BUCKHANNON -- A push for cash will top the West Virginia Hospital Association's 2001 legislative agenda, an official said Wednesday.
During a meeting with area legislators and officials from St. Joseph's Hospital of Buckhannon, association Vice President Patricia McGill said hospitals will be after their share of proceeds from specialty taxes and gambling spoils.
"We're going to join the line that will form at the state Capitol with our hand out," McGill said.
Specifically, McGill said association lobbyists are going to pursue such funding initiatives as dedicating the tobacco tax toward Medicaid, using the entire tobacco lawsuit settlement to bolster Medicaid and the Public Employees Insurance Agency, moving funding from a state pop tax from medical school assistance to Medicaid, and securing a portion of the state's lucrative gambling efforts.
"Our whole purpose is going to be enhancing the Medicaid match," McGill said, explaining each state dollar put toward Medicaid would bring three federal dollars back to the state.
McGill said secondary goals are to work toward reducing hospital regulations and to increase the amount of government reimbursement for patient services.
Wayne Griffith, St. Joseph's chief executive officer, told the group that hospital is among those struggling to make ends meet following the 1997 federal Balanced Budget Act. The act limited the amount of Medicare and Medicaid payments to amounts hospital administrators say are well below costs.
St. Joseph's is among 19 rural hospitals Gov. Cecil Underwood recently ordered exempted from the state Health Care Authority's rate-setting regulation. Only West Virginia and Maryland regulate the rates hospitals can charge for patient services.
Griffith said St. Joseph's -- which recently joined Monongalia General and Fairmont General to form the Augusta health care system -- hopes to stabilize a portion of its future income by buying a number of long-term care (nursing home) bed slots from Fairmont to replace a portion of its small psychiatric unit. The state has a moratorium on new long-term care beds, forcing the need to buy another institution's slots.
McGill said while many rural hospital are exploring such strategies to cope with the cash crunch, even larger hospitals are losing money on patient services. As examples, she provided such statistics as: West Virginia hospitals lost $80 million in 1999 and 12 state hospitals have lost money for two years in a row.
State Sen.
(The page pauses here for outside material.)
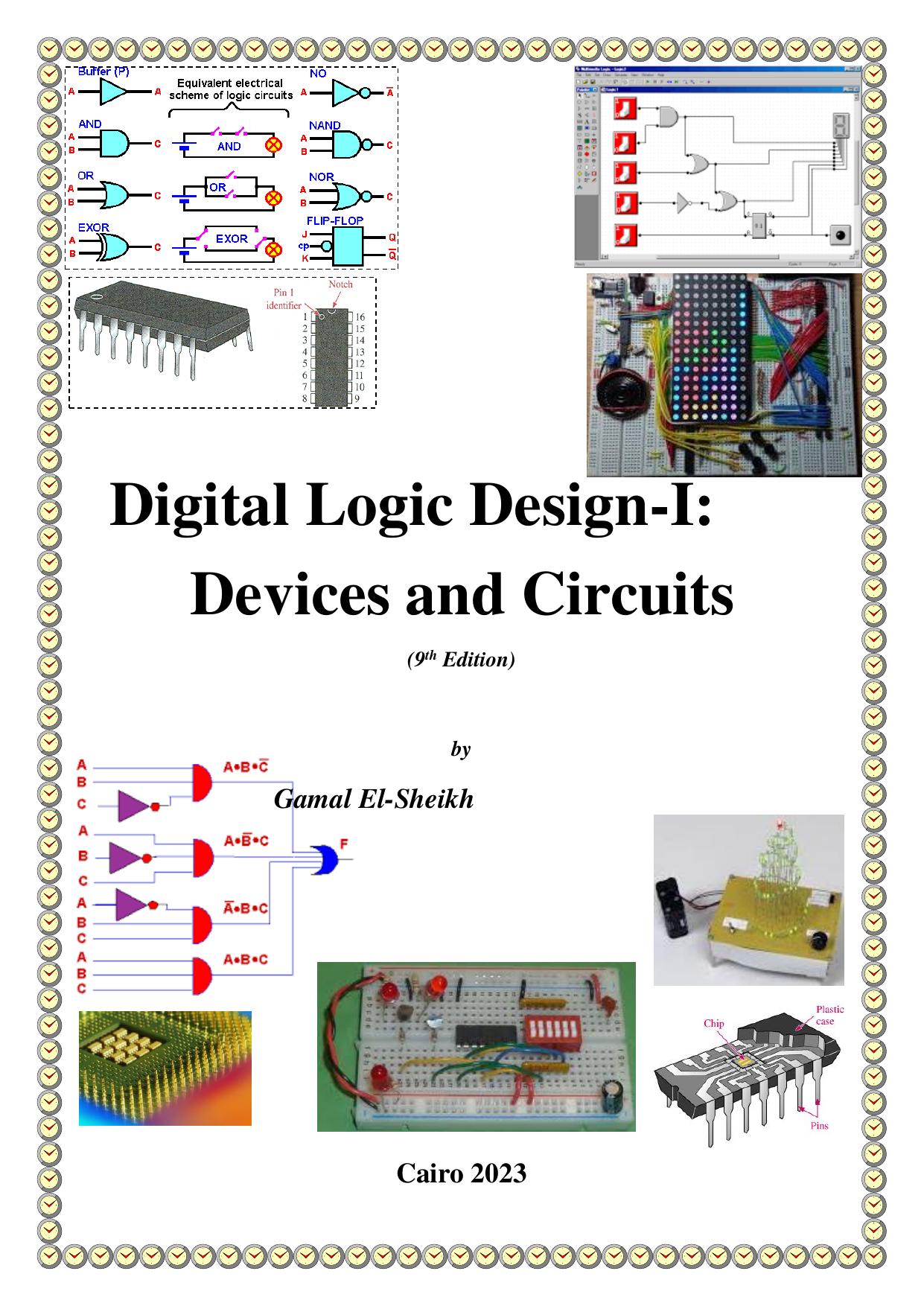 Digital Logic Design - Devices and circuits - by Gamal El-Sheikh (9ed) by Gamal El-Sheikh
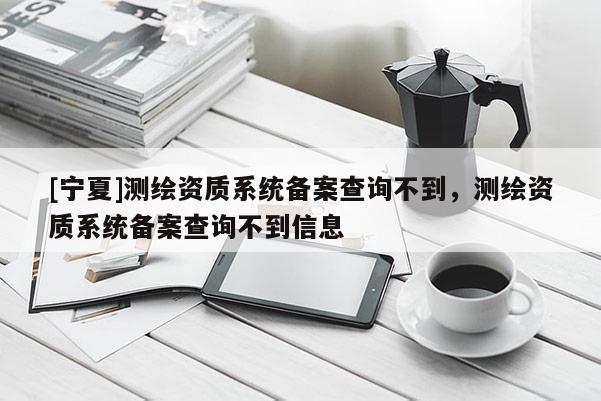 [宁夏]测绘资质系统备案查询不到，测绘资质系统备案查询不到信息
Mike Ross (D-15th), one legislator who attended the informational session, had a mixed reaction to the lobby agenda.
"Money is not going to solve this problem by itself," Ross said to McGill. "You said you're going to put your hand out. That's going to be one of many hands."
Ross said specific-interest lobbyists need to work together toward a goal of economic development, instead. He said increased prosperity among residents is the only long-term solution toward keeping health care accessible throughout the state.